In implementing teaching strategies, I had a minor conflict with one of my teaching team members. I was doing an observation in the classroom and I noticed that the teacher was drilling the children and using the message board inappropriately. Within our school we implement the HighScope curriculum and nothing that she was doing was HighScope. At the end of the day I asked to speak with the teaching team as a whole. I asked the team to explain why they were implementing a strategy that does not go along with our current curriculum strategy. I the response I received was, "I am a HighScope certified teacher and I was teaching using the HighScope strategies that were taught at my last school."

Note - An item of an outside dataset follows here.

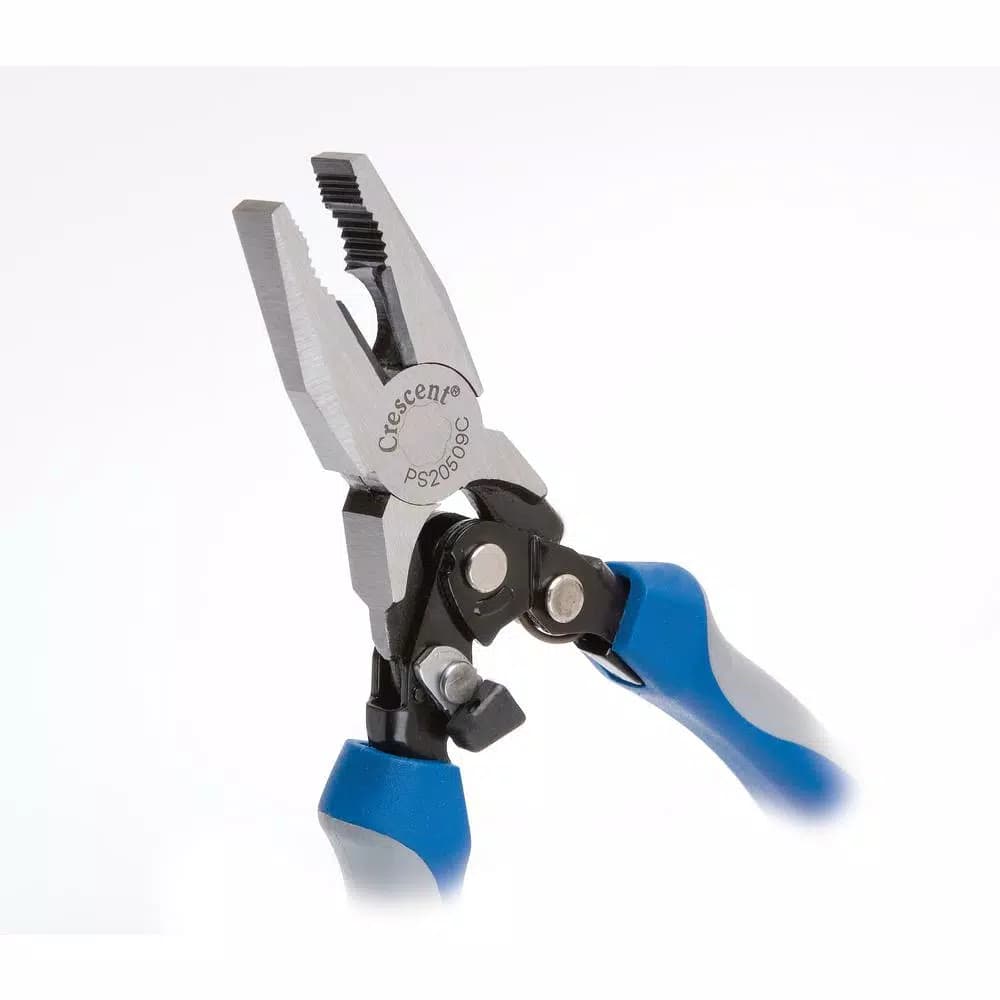 Crescent Pro-Series 9 in. Linesman's Compound Action Dual Material Pliers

My first reaction was to just say that what she was doing was far from HighScope, but I remembered the strategies learned about conflict resolutions. I considered using the approach, Listening for the Thirdside, I put myself in the shoes of the person I was speaking with. I had to understand what if this was me sitting in the office of my supervisor. The last thing I want is to make sitting in the office for a conference a negative. I aloud the teacher to speak her mind and explain what she was doing. Afterward I encouraged her to try a different approach and I demonstrated the next day in the classroom so she was able to see the difference and how the children would engage more.
The teaching staff received a better understanding of what I was speaking of an was more receptive to doing something different. The approach I used was not demeaning and it did not make anyone feel unease by their approach, it helped them to explore something different. Afterwards I asked the teaching team to come up with different techniques similar to what I did to change up the activities so the children would not become bored.